Introduction

The GitHub connector for Glean allows Glean to fetch and index content from GitHub, ensuring that users can search and access documents for which they have authorized permissions.

Authentication: Glean requires the GitHub admin to authenticate to Glean during the setup of the Glean crawler app in the GitHub marketplace.
Data Storage: All data is stored in the cloud project within the customer's cloud account, ensuring no data leaves the customer's environment

API Usage

Standard API: Glean uses GitHub’s standard REST API to ingest all data

Integration Features

Content Captured: Glean captures GitHub repos, commits, issues, pulls, and pushes.
Permissions Enforcement: Glean respects all user access permissions, ensuring users only see search results for documents users can access. When a user clicks on a search result, they are taken to the GitHub web application, which enforces the permission.
Glean Code Tool - users gain the ability to search through their deployment's GitHub or GitLab code repository directly from Glean Chat. This functionality is not just about finding code; it's about understanding it, creating snippets, and more. For more info see

There are no specific version limitations of the GitHub connector except the document is limited to GitHub Cloud, not on-premise connected GitHub Server and Enterprise Server

Objects Supported

The GitHub connector supports the following objects:

Contents
Issues
Metadata
Pull requests
Commit statuses
GitHub pages

Authentication Mechanism

The GitHub organizational administrator will install a GitHub Marketplace app with Admin read-access scope. Navigate to https://github.com/apps/glean-github-app or within the Glean UI, Admin console → Data sources → Github and click Install the Glean GitHub App.

The GitHub Connector app will be used for indexing the content and delivers webhooks to the customer’s Glean instance. Users cannot access private repositories until the OAuth flow is completed. The first use of Glean and GitHub search in Glean, the users will be prompted to authenticate to GitHub OAuth to view private repositories and to help sync user aliases. Once the OAuth flow is completed, Glean will detect the change in the entity crawl, and will sync the private repository and aliases.

OAuth Flow for Individual Users and Private Repository Access

Individual users must authorize Glean in the UI by clicking your profile picture (bottom left corner) → Your settings → Data sources → GitHub.

Connector credentials requirements

The GitHub connector for Glean requires specific permissions to function correctly.
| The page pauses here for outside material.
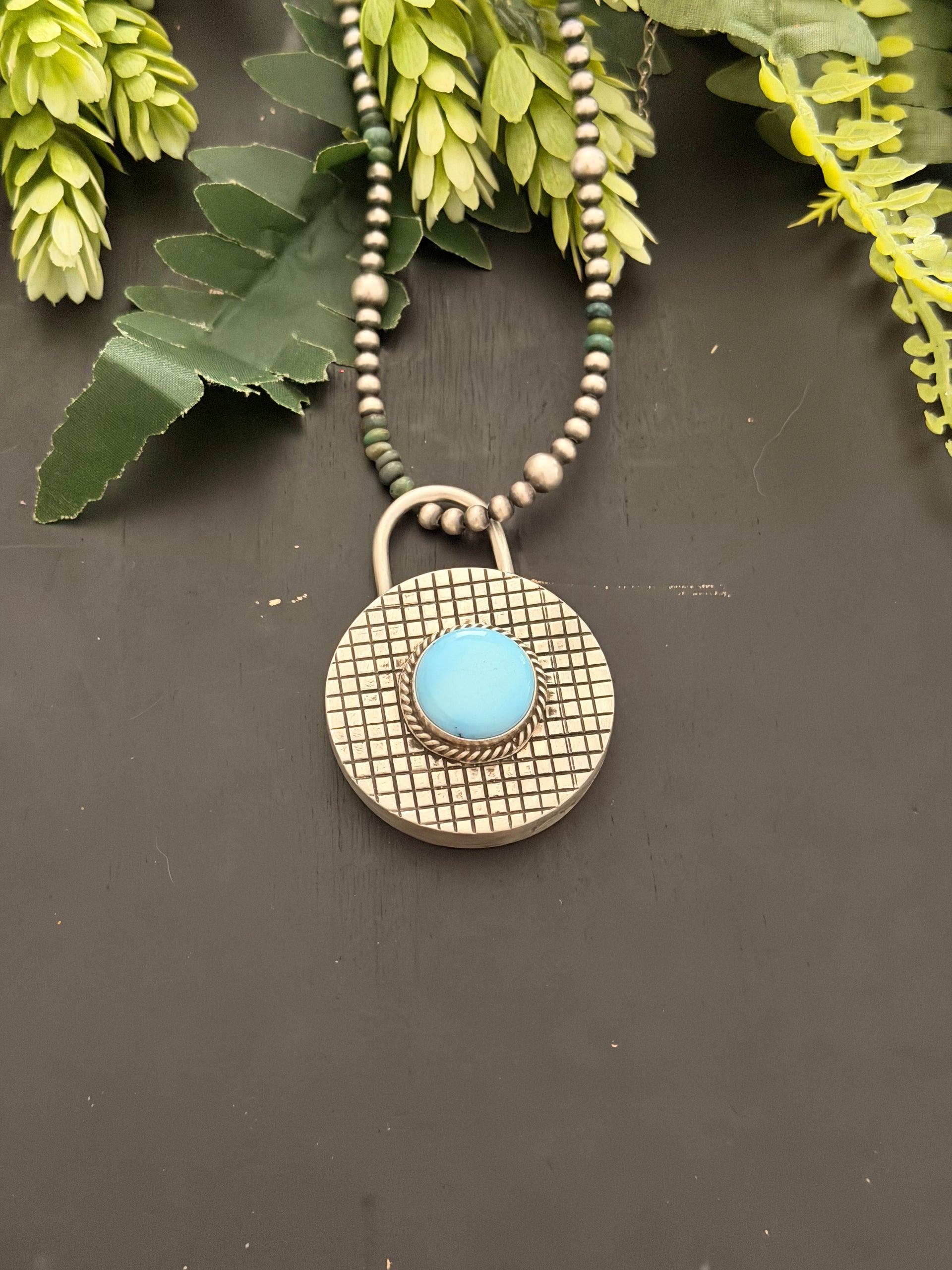 Charles Johnson Golden Hills Turquoise & Sterling Silver Locket Pendant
Organizational Admin for the data source and GitHub app install
Admin read-only for ongoing running and operating of the GitHub app
Individual user authorization for private repositories

Connection instructions

Disclaimer: The instructions below are updated periodically by Glean on our customer-facing documentation. For the latest instructions, refer to the Glean Admin UI.

Install the Glean App for GitHub

Go to https://github.com/apps/glean-github-app
Click Install or Configure
Click Organization where the app is to be installed
Select All Repositories and Click Install & Authorize.

Setup in Glean

Input the data source name in the Name text box
Select an icon
Input GitHub organizational name in GitHub organizational name text box
Click Save

Items crawled

Content Indexed

Repository permissions
- Administration
- Contents
- Issues
- Metadata
- Pull requests
- Commit statuses
Organization permissions
- Members
Content
Commits
Commit comment
Issues
Issue comment
Pull request
Pull request review
Pull request review comment
Push
Repository
GitHub Pages (HTML and Markdown)
GitHub Wikis

Identity

Users: Information about users within the GitHub
Groups: Details about groups within GitHub at the global and repository level.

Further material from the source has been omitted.